English is the official language. German and Afrikaans are widely spoken.
Standard Time runs from the first Sunday in April to the first Sunday in September and is GMT+1. Summer Time is from the first Sunday in September to the first Sunday in April and is GMT+2.
Electrical plugs are 220 V and are the old round 3pin 15amp type. Adaptors are required and can be purchased at Heathrow or in Windhoek. Not all lodges and camps have power 24 hours a day, so take spare batteries. For those on a mobile safari, some campsites have facilities to re-charge batteries, or there may be an option to charge items from the safari vehicle’s cigarette lighter socket.
Mobile Phone Coverage & Wi-Fi
You will have reasonably good phone coverage in Namibia within populated areas. However you should not rely on your cell phone in national parks and on safari.
For your free baggage allowance on international flights to Namibia please consult your own travel itinerary.
If you are travelling on internal flights, you must use a soft, carry-all style bag, not a hard suitcase. Some baggage allowances may be less than 20kgs and you will need to check your travel itinerary.
A guest travelling alone who weighs 200lbs or more, or two guests travelling together whose combined weight is 390lbs or more, must advise us. All weight limits are due to safety factors, and should these limitations be exceeded, it may be necessary to charge for an additional aircraft.
If you are joining a camping safari your luggage allowance is 15kgs, not including a small carry-on bag to take with you in the vehicle and camera equipment
The local currency is the Namibian dollar which is fixed to the South African Rand at a rate of N$1=ZAR1. The South African Rand and Namibian dollar are both accepted in Namibia but the Namibian dollar is not accepted in South Africa.
Visa and MasterCard are widely accepted, but not at petrol stations, which only accept cash. Visitors may bring any amount of foreign currency into the country. You can use debit cards at ATMs and cash machines in Swakopmund and Windhoek.
Travellers Cheques and foreign currency can be exchanged at any of the commercial banks, but this is a time consuming process and is not advised. Banks are generally open during the following hours:
Monday–Friday: 09h00 to 15h30
Saturday: 09h00 to 11h00
Tax & Customs
General Sales Tax (GST) in Namibia is 15%. Bona fide tourists to Namibia are exempt from paying sales duty or excise duty on luxury items such as jewellery.
Park Fees & Deposits
Park fees are payable for entrance into most national parks in Namibia. When staying at one of the government rest camps in Etosha, the Waterberg or Sossusvlei, entrance fees are additional to the room rates, and a CASH deposit of N$500 is payable per room. This is a fixed charge, regardless of how many nights you are staying. It is a returnable deposit, but if there are any breakages or missing items, the cost of these will be deducted.
Malaria - Malaria is widespread in Africa, although Namibia’s arid climate means it has a low incidence of malaria in the mid-to-southern regions. Etosha, Damaraland, the north and north-east are however considered as malaria areas, and we recommend the use of Malaria prophylactics.

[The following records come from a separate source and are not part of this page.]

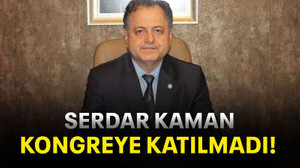 Serdar Kaman kongreye katılmadı!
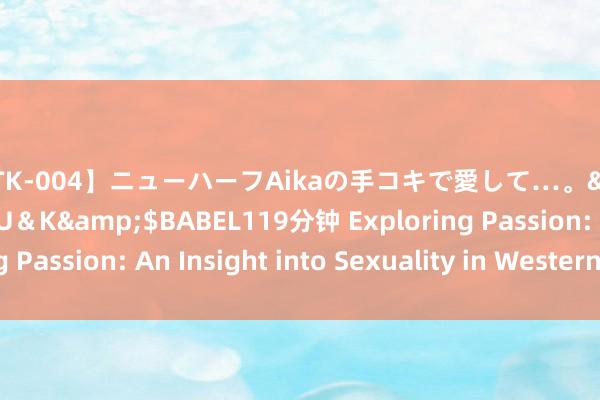 【MTK-004】ニューハーフAikaの手コキで愛して…。</a>2010-05-13U＆K&$BABEL119分钟 Exploring Passion: An Insight into Sexuality in Western Culture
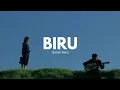 Download Lagu biru -Banda Neira  [Lyrics]
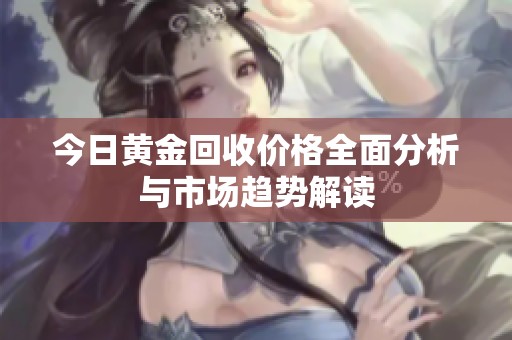 今日黄金回收价格全面分析与市场趋势解读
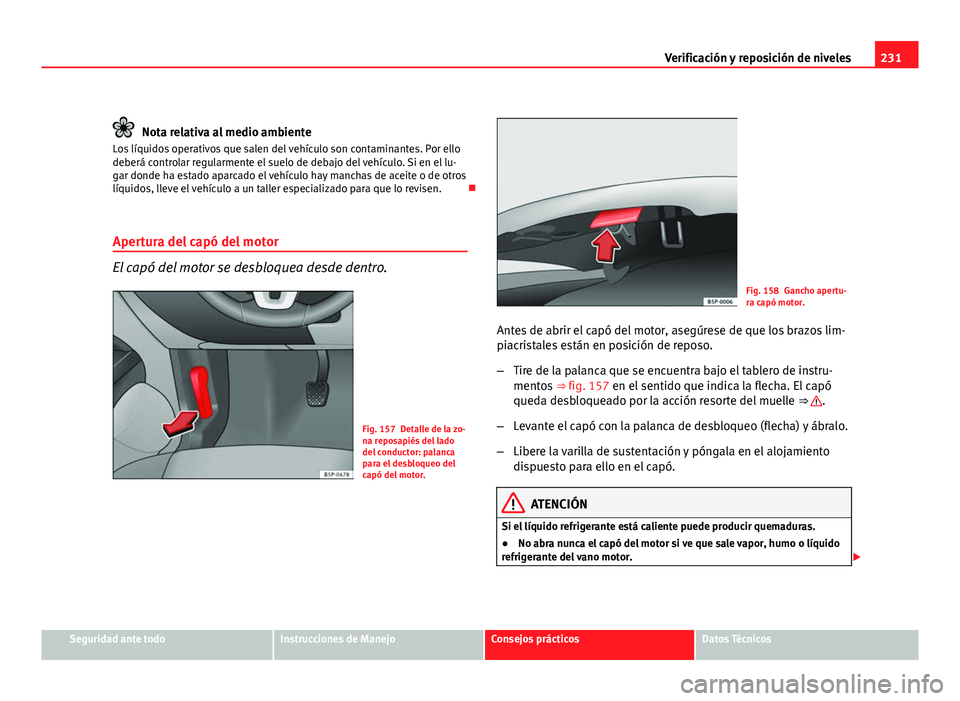 Seat Altea Freetrack 2012  Manual del propietario (in Spanish) 231
Verificación y reposición de niveles
Nota relativa al medio ambiente
Los líquidos operativos que salen del vehículo son contaminantes. Por ello
deberá controlar regularmente el suelo de debaj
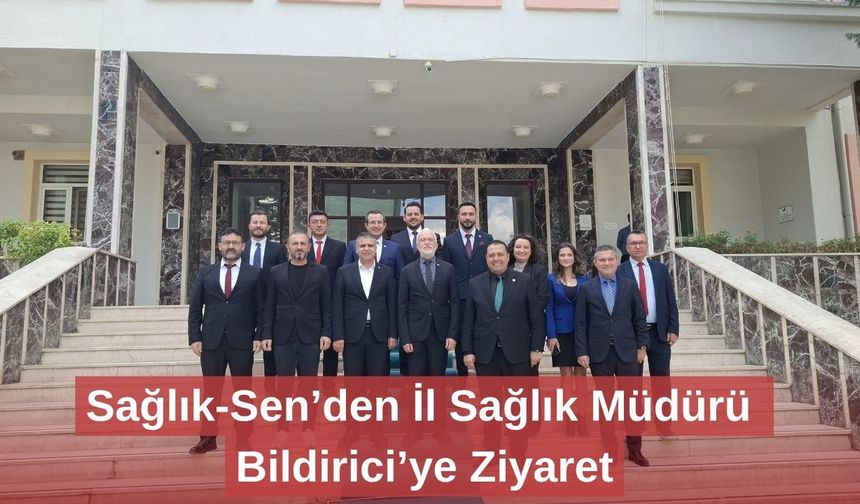 Sağlık-Sen’den İl Sağlık Müdürü Bildirici’ye Ziyaret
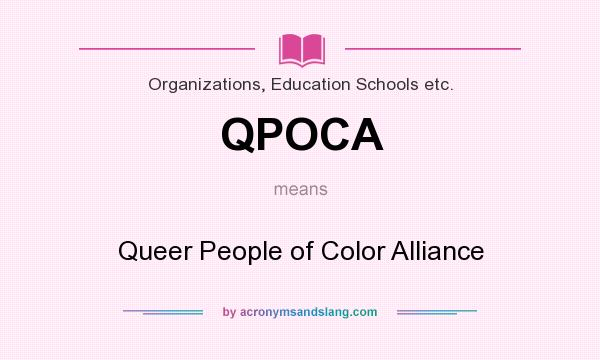 What does QPOCA mean? It stands for Queer People of Color Alliance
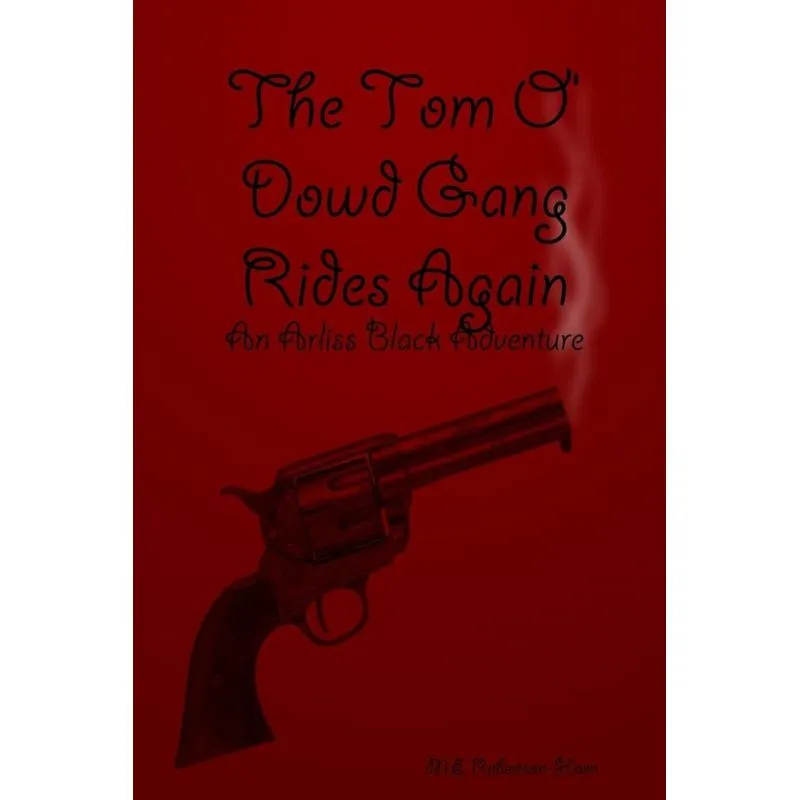 The Tom O Dowd Gang Rides Again
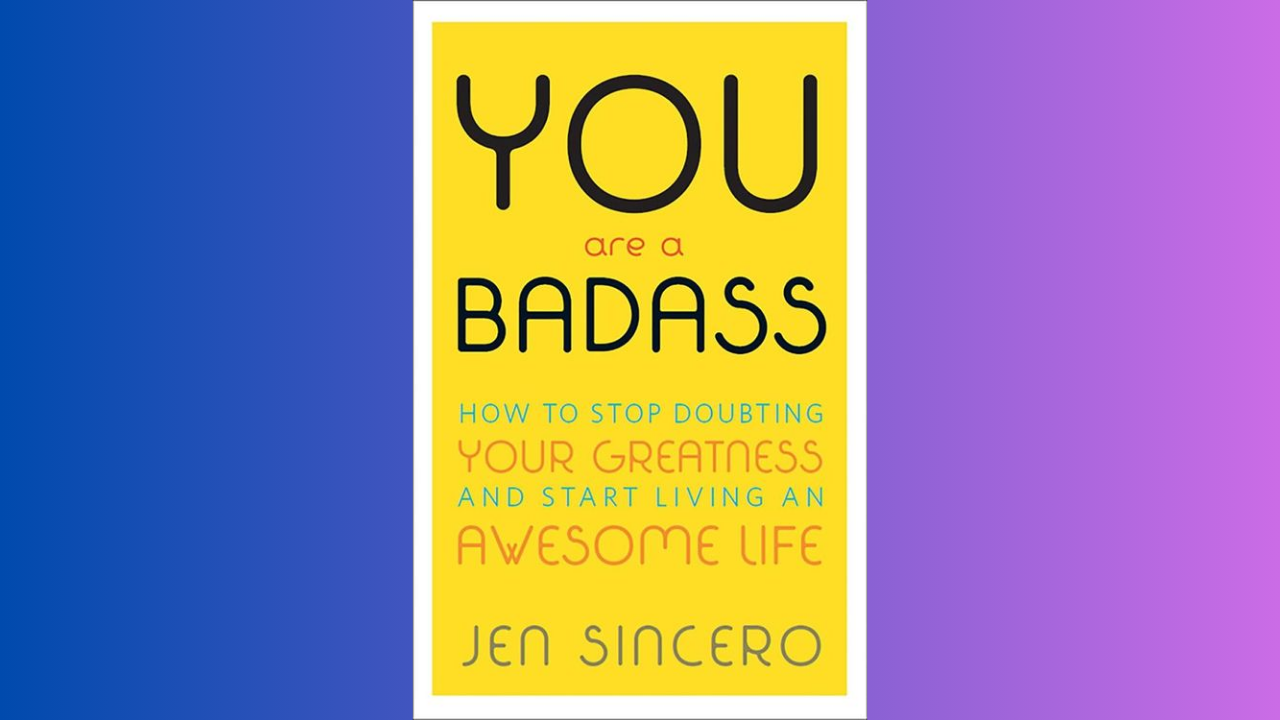 You Are a Badass by Jen Sincero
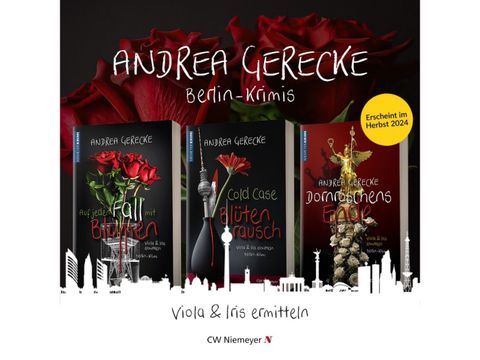 Bildvergrößerung: Alle Bände der Berlin-Krimi-Trilogie von Andrea Gerecke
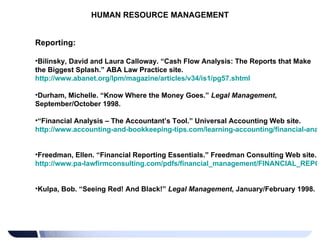 HUMAN RESOURCE MANAGEMENT Reporting: Bilinsky, David and Laura Calloway. “Cash Flow Analysis: The Reports that Make the Biggest Splash.” ABA Law Practice site.  http://www.abanet.org/lpm/magazine/articles/v34/is1/pg57.shtml   Durham, Michelle. “Know Where the Money Goes.”  Legal Management , September/October 1998. “ Financial Analysis – The Accountant’s Tool.” Universal Accounting Web site.  http://www.accounting-and-bookkeeping-tips.com/learning-accounting/financial-analysis.htm   Freedman, Ellen. “Financial Reporting Essentials.” Freedman Consulting Web site.  http://www.pa-lawfirmconsulting.com/pdfs/financial_management/FINANCIAL_REPORTING_ESSENTIALS.pdf   Kulpa, Bob. “Seeing Red! And Black!”  Legal Management , January/February 1998. 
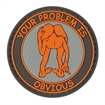 Picture of VOODOO TACTICAL YOUR PROBLEM IS OBVIOUS - RUBBER PATCH 07-0900000000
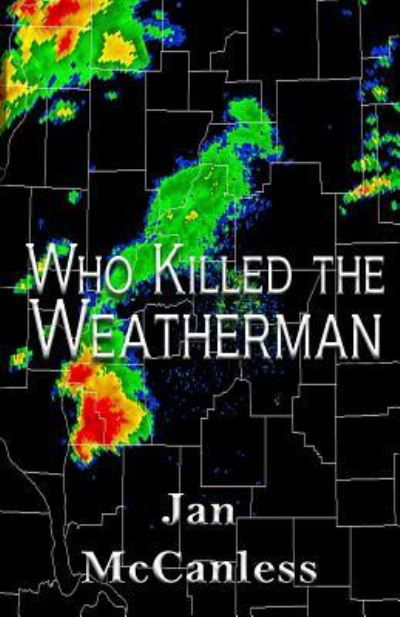 Jan McCanless · Who Killed the Weatherman (Pocketbok) (2016)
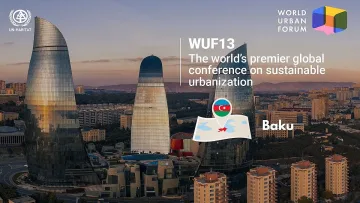 Азербайджан е домакин на Световния градски форум 2026: фокус върху глобалните градски предизвикателства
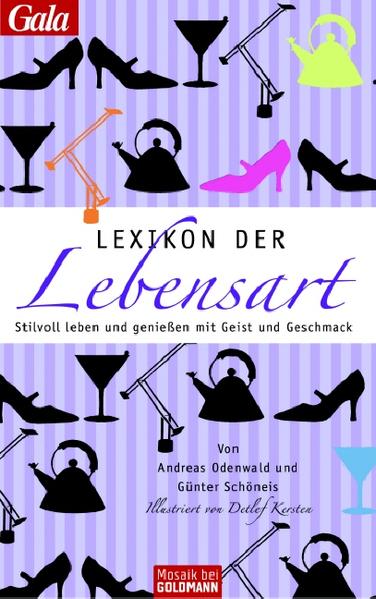 Lexikon der Lebensart: Stilvoll leben und genießen mit Geist und Geschmack - Illustriert von Detlef Kersten - Odenwald, Andreas, Günter Schöneis und Detlef Kersten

Water – It is very important that you drink plenty of water especially during the warmer months. It is generally recommended that you drink at least 2 to 3 litres of water a day to limit the effects of dehydration. This excludes tea, coffee and alcoholic beverages, which act as diuretics and contribute to dehydration.
Water from hotel taps is purified and visitors need have no hesitation in drinking it. Water from boreholes in camps is also good, but may be brackish.
All visitors must have a passport with at least six months validity for after the time of departure from the country. Visitors must also have proof of onward travel.
The temperature in Namibia varies depending on the region. Generally days are hot and nights can be chilly, making layered clothing is a sensible option. Cool clothing in neutral colours is your best bet for a Namibia safari. Remember to pack comfortable walking shoes and binoculars.
Photography & Binoculars
A camera with a telephoto lens is useful on safari as this will help you to get better photographs of birds and animals. Wide- angle lenses are ideal for capturing the vast panoramic landscapes. Take a spare memory card if you are a keen photographer.
Good quality binoculars can hugely enhance your safari experience and are highly recommended.
Tipping is customary in Namibia. A standard tip in a restaurant would be 10%, and you would usually tip a hotel porter about N$5.
In the major centres, such as Windhoek and Swakopmund, many shops specialise in attractive local products such as diamonds, semi-precious stones, curios of all types, including dolls dressed in the traditional Herero style (these are made by Herero woman), hand-carved wooden objects and beautifully fashioned jewellery.